The television business in some years can account for the lion's share of a top talent agency's profit. But it is the big movie stars that are key to packaging projects that tantalize the major studios and give emerging talent confidence that plum career opportunities will come their way.

Agencies have increasingly poached clients and agents from one another, but ICM has been unable to replace many of the big names it has lost, such as directors Peter Jackson, Robert Rodriguez, Ed Zwick and Baz Luhrmann and movie stars such as Cameron Diaz, Murphy and Roberts.

Silbermann acknowledges that he would like more A-list stars, but he said one of the agency's current priorities is cultivating emerging talent.

Since being tapped by ICM Chairman Jeff Berg a year ago, Silbermann said much of his energies have focused on rebuilding the culture at the agency in an attempt to tear down walls between the notoriously turf-bound departments and to reward younger agents that are its future. Such a structure, he says, is essential at a time when stars such as ICM's Beyonce want careers that transcend a single medium to span television, music, movies and advertising.

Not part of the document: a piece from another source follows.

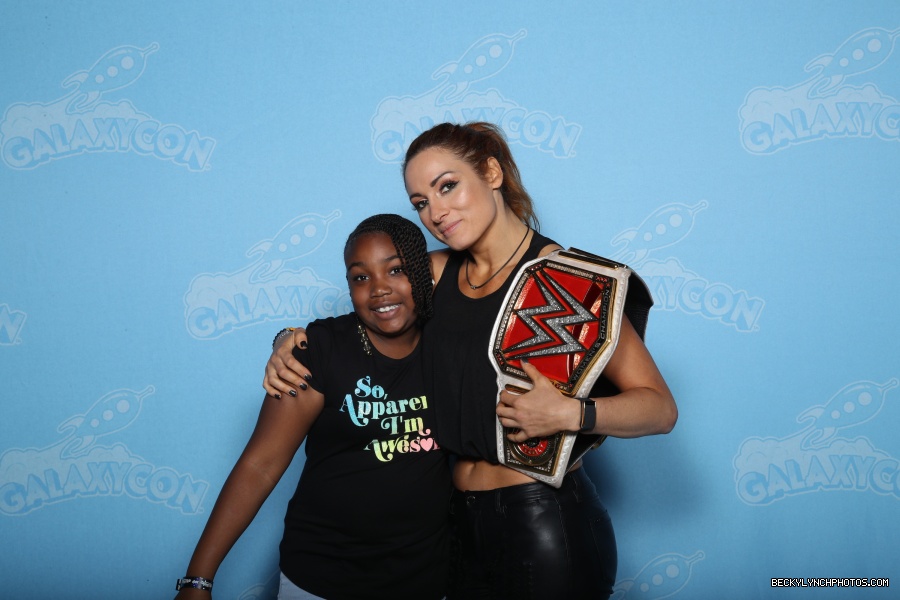 galaxycon-raleigh-2019-becky-lynchphoto-ops_48482134742_o.jpg
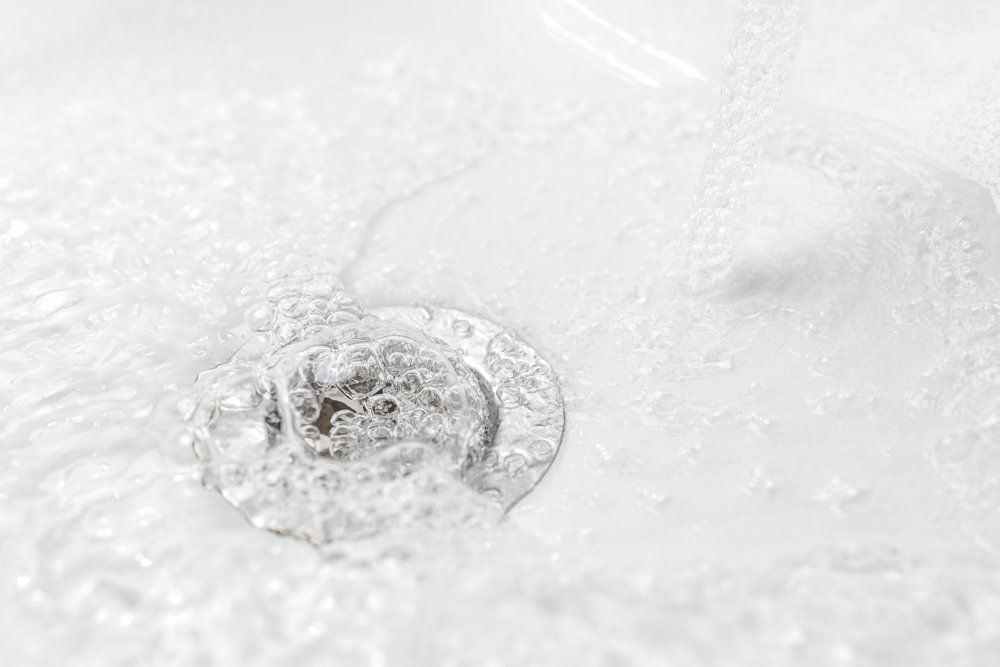 Vandet på en lang række danske plejehjem indeholder legionella-bakterier, viser en ny undersøgelse.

"Change can be tough, but Jeff and I are committed to growing and restructuring the agency for long-term success," Silbermann said. "The moves that we've implemented over the past year have improved ICM's culture and empowered our next generation of leaders."

Silbermann is trying to replicate a team approach he helped establish at Broder Webb Chervin Silbermann, a boutique talent agency specializing in television that ICM acquired a year ago.

"The problem he is having right now is that he has come into an atmosphere at ICM where it's less the whole than the sum of its parts," said movie producer Mark Johnson, who is a fan of Silbermann and has worked on television projects with him. "I hear from enough people that the agents are not into sharing their clients. Chris is completely a team player."

The ICM culture was fashioned in large part by Berg, 60, who has led the agency since 1985.

Since the acquisition of Broder, Berg has been publicly circumspect about his own plans amid speculation that he would leave ICM in the near future. In 2005, Berg sold controlling interest in the Hollywood talent agency to a private equity group led by Suhail Rizvi and Merrill Lynch, which together own more than 70% of ICM.

The largest individual shareholder, Berg has privately told people that he plans to stick around. It will take several years for Silbermann to learn the movie, literary and music sides of the business. At the moment, Berg is trying to shore up the movie department either by bringing in an agent with big clients or by making an acquisition, according to people close to the agency.

Berg declined to comment.

Silbermann's attempts to foster a culture of teamwork seems to contradict what some industry insiders see as a lack of good sportsmanship shown recently by ICM to some of its highest-profile agents.

Limato, 71, who had been at ICM for more than 30 years, found out last month that he was being stripped of his title as co-president when his assistant read the news to him from an internal e-mail announcing the personnel change sent by Berg.